# Angie is a Jewel



## Country Lady (Oct 2, 2003)

I've sewn almost all of my life and have used regular straight pins. Now,I'm getting joint problems in my fingers and struggle with those small pins. Well, I saw on Facebook where Angie was using the flat head quilting pins when she altered the pink prom dress for the cute young lady. I rushed out an bought me some and they're great!! They are such a help for me. I'm not a quilter and had never thought of using quilting pins for dressmaking. I didn't realize they would be so sharp. Thank you Angie. What other tricks do you have up your sleeve?


----------



## AngieM2 (May 10, 2002)

I am so glad that it helped you. I'll have to think and see what else I might have up my sleeve.

Maybe others can put their neat ideas here to share, also.


----------



## cc (Jun 4, 2006)

This is an "oldie but goodie", use dental floss to sew on buttons.
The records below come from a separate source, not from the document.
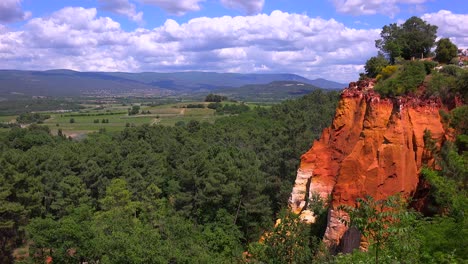 bright red cliffs near the town of roussillon in provence france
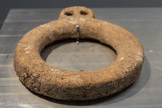 <center>ANNEAU RÉGULATEUR DE TENSION D’AMARRE</center>Ve siècle av.n.è. — Ve siècle
Littoral de Gaza, 2002. Marbre blanc.
Les archéologues ont émis plusieurs hypothèses sur l'utilisation des grands anneaux de pierre connus depuis l'âge du Bronze ancien (3200 av.n.è.). Un anneau en marbre, dont la partie supérieure est percée de deux petits trous, est interprété comme un dispositif d’amarrage régulant la tension du câble reliant l'ancre au navire.
Autorité Nationale Palestinienne, ancienne collection Jawdat Khoudary, Gaza. Dépôt au Musée d'art et d'histoire, Ville de Genève.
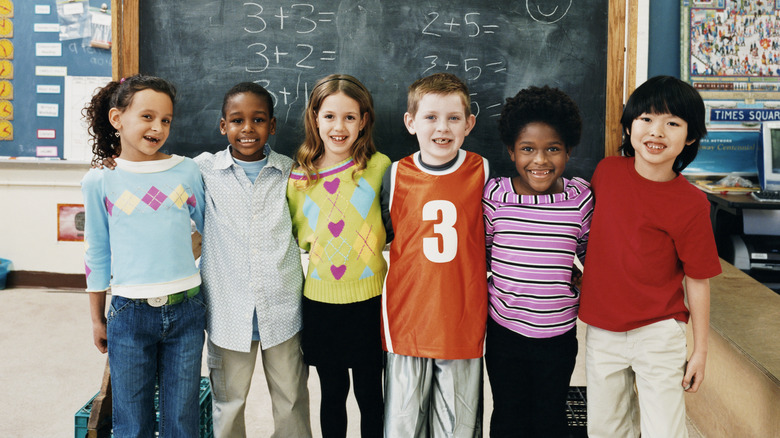 several children at a chalkboard at school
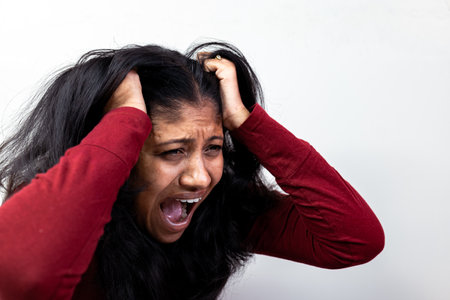 A close-up of a woman's face, her eyes closed and her mouth open in a shoutの写真素材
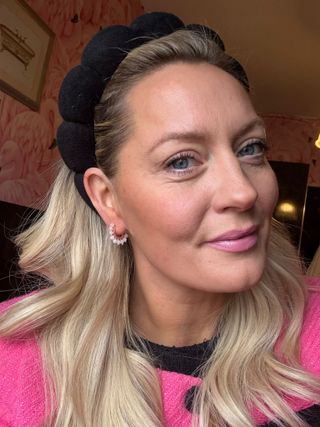 A headshot of Sophie McGown in a wallpapered room wearing a pink coat and black headband smiling and showing off a pair of Catherine beaded hoop earrings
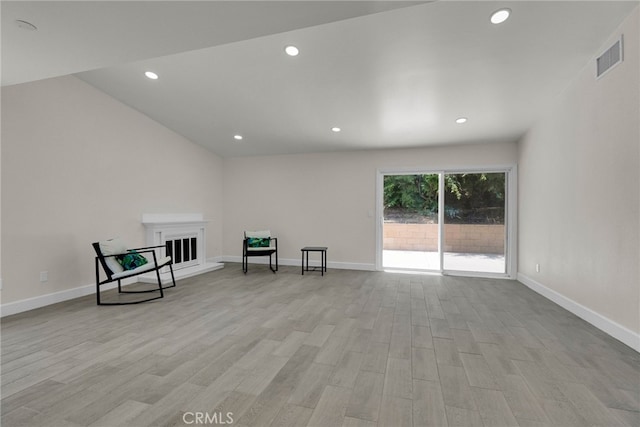 unfurnished room with visible vents, baseboards, light wood-type flooring, a fireplace with raised hearth, and recessed lighting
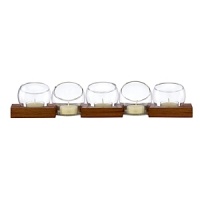 Add an artful candlelit showcase to the table or mantel with this striking display object from Dansk. In an elegant pairing of raw materials and minimalist design, blocks of richly grained wood lend warm balance to cylindrical bubbles formed of sparkling clear glass. Add an artful candlelit showcase to the table or mantel with this striking display object from Dansk. In an elegant pairing of raw materials and minimalist design, blocks of richly grained wood lend warm balance to cylindrical bubbles formed of sparkling clear glass.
This is really good to do when sewing on buttons for winter coats and kids clothes that have a lot of stress put on them. The only thing to remember is to be sure and stitch over a straight pin so that it isn't so tight to the garment unless the button has a shaft then it isn't necessary. I restitch the buttons as soon as I purchase a coat or jacket so I don't have to replace them all after losing one. True story, my DH asked me why he shirt smelled funny so I did a "sniff test" and realized that I had used mint flavored floss to sew on a button! The smell washed out when it went though the laundry but it was just kind of funny.


----------



## bopeep (Apr 2, 2007)

Angie is one smart lady...and so is CC.......both of these are great ideas....
bopeep


----------